My ex-wife is a Natural Programmer and she makes a ton of money doing that. Supply and demand.

Very few Natural programmers, high demand to maintain, modify and update business rules in those systems. If I had my choice I would have loved to still use Pascal which I did reasonably well in and still have a semblance of but hey, neither Pascal or Delphi survived well.

The only constant like in any environment is change.

So you can try and predict the curve, but that normally fails. In comes the Pragmatic Programmer and I suppose a bit of common sense, know as many languages as possible but more than that learn the underlying principles such as reusable patterns and algorithms, learn basically to “speak” pseudocode and like the pragmatic programmer, think coding solutions in as many environments as possible. You will then find the “tools”, the languages and frameworks to built that solution or invent or reinvent them in your authentic and unique way.

Although you do not see much authenticity and uniqueness these days, simply new wheels with different threads on it claiming to be the “NEW”, “BETTER” wheel though still round. I think that is why everybody has this that notion that STEM subjects (science, technology, engineering and mathematics) will create new realities, however looking back at know history I see that the ability to dream up new realities, being in flow of all things, being curious and playful kind of “create” the new stuff.

Not much maths and logic in that.

For life x.0 I made a decision to not do all the ridiculous stuff I did in life y.0 as I wasted a lot of time in sounding clever and pleasing bosses.

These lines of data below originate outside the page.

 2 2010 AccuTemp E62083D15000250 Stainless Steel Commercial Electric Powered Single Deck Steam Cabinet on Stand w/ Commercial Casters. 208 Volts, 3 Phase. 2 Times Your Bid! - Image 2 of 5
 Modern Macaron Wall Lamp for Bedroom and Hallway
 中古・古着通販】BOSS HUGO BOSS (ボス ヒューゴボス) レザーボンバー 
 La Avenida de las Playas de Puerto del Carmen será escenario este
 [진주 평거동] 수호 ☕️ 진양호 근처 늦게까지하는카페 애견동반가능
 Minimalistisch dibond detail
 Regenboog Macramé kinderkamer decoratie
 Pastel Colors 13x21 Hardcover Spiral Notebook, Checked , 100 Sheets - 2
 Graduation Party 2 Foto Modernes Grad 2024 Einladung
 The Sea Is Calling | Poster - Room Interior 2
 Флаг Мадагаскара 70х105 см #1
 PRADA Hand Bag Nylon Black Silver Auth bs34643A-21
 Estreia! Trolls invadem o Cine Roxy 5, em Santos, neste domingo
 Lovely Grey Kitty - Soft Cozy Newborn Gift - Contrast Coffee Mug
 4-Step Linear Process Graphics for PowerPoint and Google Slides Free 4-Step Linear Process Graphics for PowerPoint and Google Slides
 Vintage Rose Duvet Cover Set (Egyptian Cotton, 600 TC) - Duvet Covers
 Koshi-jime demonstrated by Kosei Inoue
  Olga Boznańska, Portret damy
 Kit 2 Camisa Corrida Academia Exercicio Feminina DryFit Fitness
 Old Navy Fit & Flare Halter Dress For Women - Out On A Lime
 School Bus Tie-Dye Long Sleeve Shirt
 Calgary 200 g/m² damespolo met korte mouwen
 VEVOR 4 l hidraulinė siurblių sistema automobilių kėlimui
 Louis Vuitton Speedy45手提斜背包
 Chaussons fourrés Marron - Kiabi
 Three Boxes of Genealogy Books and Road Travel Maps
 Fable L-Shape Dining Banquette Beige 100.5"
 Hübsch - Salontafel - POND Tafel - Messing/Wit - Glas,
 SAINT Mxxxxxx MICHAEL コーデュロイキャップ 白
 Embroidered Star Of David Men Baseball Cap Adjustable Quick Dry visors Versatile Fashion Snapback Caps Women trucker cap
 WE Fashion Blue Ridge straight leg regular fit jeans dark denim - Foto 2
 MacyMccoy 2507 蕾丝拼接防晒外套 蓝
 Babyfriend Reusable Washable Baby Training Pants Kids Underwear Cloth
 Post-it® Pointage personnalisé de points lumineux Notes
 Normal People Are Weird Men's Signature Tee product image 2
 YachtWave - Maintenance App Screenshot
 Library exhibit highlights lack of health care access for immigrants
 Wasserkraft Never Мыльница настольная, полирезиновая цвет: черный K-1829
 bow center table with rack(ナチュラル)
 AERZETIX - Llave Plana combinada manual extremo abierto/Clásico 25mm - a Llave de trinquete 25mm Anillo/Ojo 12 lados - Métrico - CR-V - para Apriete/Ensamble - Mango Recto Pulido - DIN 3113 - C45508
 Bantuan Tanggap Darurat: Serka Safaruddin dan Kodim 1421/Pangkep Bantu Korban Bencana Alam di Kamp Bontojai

Yes, I had the Mercedes, the great house in suburbia, almost had the MBA. Yet I lost myself, gained a lot of wisdom through hardship which taught me a lot. I can now apply life y.0 lessons in a new system, with a different attitude and do it a bit faster than the 10 years it took me in that version of career and life. I also do not do programming to be the next startup billionaire or to become super rich. It is a means to provide a roof over my head and practice an “art”. If I do become super rich, great, if not great.

I do what I do because I do and I love to do it because I love to do it excellently. It could have been a passion to chop wood with an axe excellently, but physically I cannot, it could have been painting, but I do have a passion for that.

Tai Chi and Yoga are a form of meditation, it could be prayer, jumping, with focus, on the bed, as long as it gets you into the flow it is great :slight_smile:. Once again, each has their own path. I personally do the dog walk also each day, she loves it and it does me good to see a different view of the world and to see the life that is happening around me.